Monday, March 16, 2009

I got a sign from God this morning.

I got a sign from God this morning. Literally. It was on one of the many small church signs that I pass on my commute into the office each morning. It simply had a passage of Scripture on it so I was determined to remember it until I got to the office and look it up.

Stupid 41 year old brain...I got sidetracked and, by the time I got settled in at the office, could only remember the chapter. So, I don't know what the actual verse was but I definitely read what God intended for me this morning. Here's the first part of Isaiah 59 that I read this morning:

Listen! The Lord’s arm is not too weak to save you, nor is his ear too deaf to hear you call. It’s your sins that have cut you off from God. Because of your sins, he has turned away and will not listen anymore. Isaiah 59:1-2 NLT

I think there's two reasons I needed that this morning. Reason number one: Lisa and I got some (more) frustrating economic news last night. On the surface, it would seem to be pretty discouraging news. Deep down, we both know that God always has been and always will be the One who provides for us. He has watched the birds for centuries and looked after the grass and flowers. Why would I ever doubt that He sees my need? So I prayed pretty quickly, "God, don't let me get caught up in the here and now. Don't let me do it. I will trust You because I know you will not fail."

The second reason was this undeniable call for purity found in verse two. I, like many of you, ask the questions, "God, did you hear my cry last night? God, have you heard your church praying? God, I'm a little down because I haven't seen you or heard from you lately?" Isaiah's words remind me that God's call for holiness is unconditional. When you surrender your life to Christ, you dare not rest for the call only gets louder. God wants me for Himself; He will not share. So I can't give part of myself to "guilt, lies, or wicked things" (see v. 3). I must be unwilling to compromise and more willing to confess when I fail. So, the next part of my prayer was, "God, don't let me allow for one second of sin in my life. No excuses. I must see sin the way you see it and not leave room for Satan."

I want deep intimacy with God. The cool thing is...He wants it too.
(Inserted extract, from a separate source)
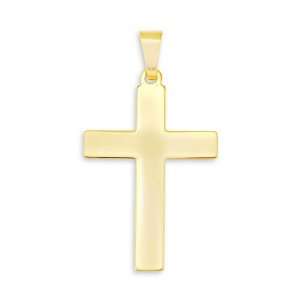    Large Plain Simple 14k Bonded Gold Cross Charm Pendant Jewelry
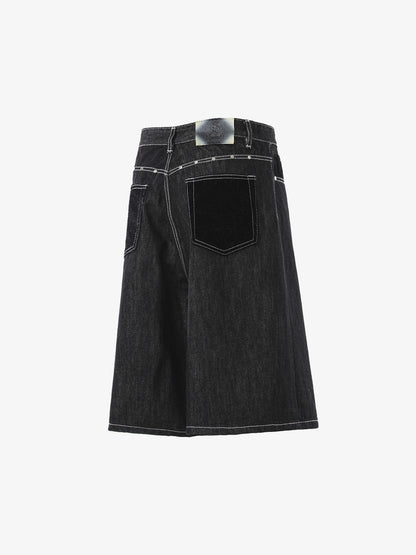 Vintage Contrast Stitch Wide Leg Denim Jorts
In order to have that, I must be willing to stand openly before Him, acknowledge my need, ask for His grace and move forward under the cover of His lovingkindness.

Give it a try today and see if you don't find a God who is mind-blowing in His mercy and love for you.

1 comment:

Loved By His Grace said...

Lisa and Ridley ~ Awesome blog/note! Don't you love it when God brings scripture or a sign (literally or figuritivly) into your path at just the right time? He's too awesome. Sometimes once I "get it"....I can see the days where I was searching and I felt like God was saying "Heellllloooooo?" Oops! Sorry God. It just makes me keep my eyes open a little wider, my heart free of unconfessed sin, and my faith unshakeable during the wait. I have been overwhelmed by the book "The North Face of God" by Ken Gire...and it's talking about this very same thing. "Hope for the times when God seems indifferent". I know the since my nephew died tragically last November, the questions from our entire family have flooded the gates of heaven. I have been on my knees DAILY for my brother that God will speak to him and bring him some sort of peace and take the anger away. Though I've been praying like this for weeks, I have yet to hear a good report on how he is doing...but I will stand firm in my choice to "wait well" upon the Lord to the best of my ability! Thanks again for the encouraging words your blog always brings!

In His Grip,
Kristi Cole

Our Blog:
http://dkkmacole.blogspot.com

From our family to yours, we pray blessings abundant on your family and your church body.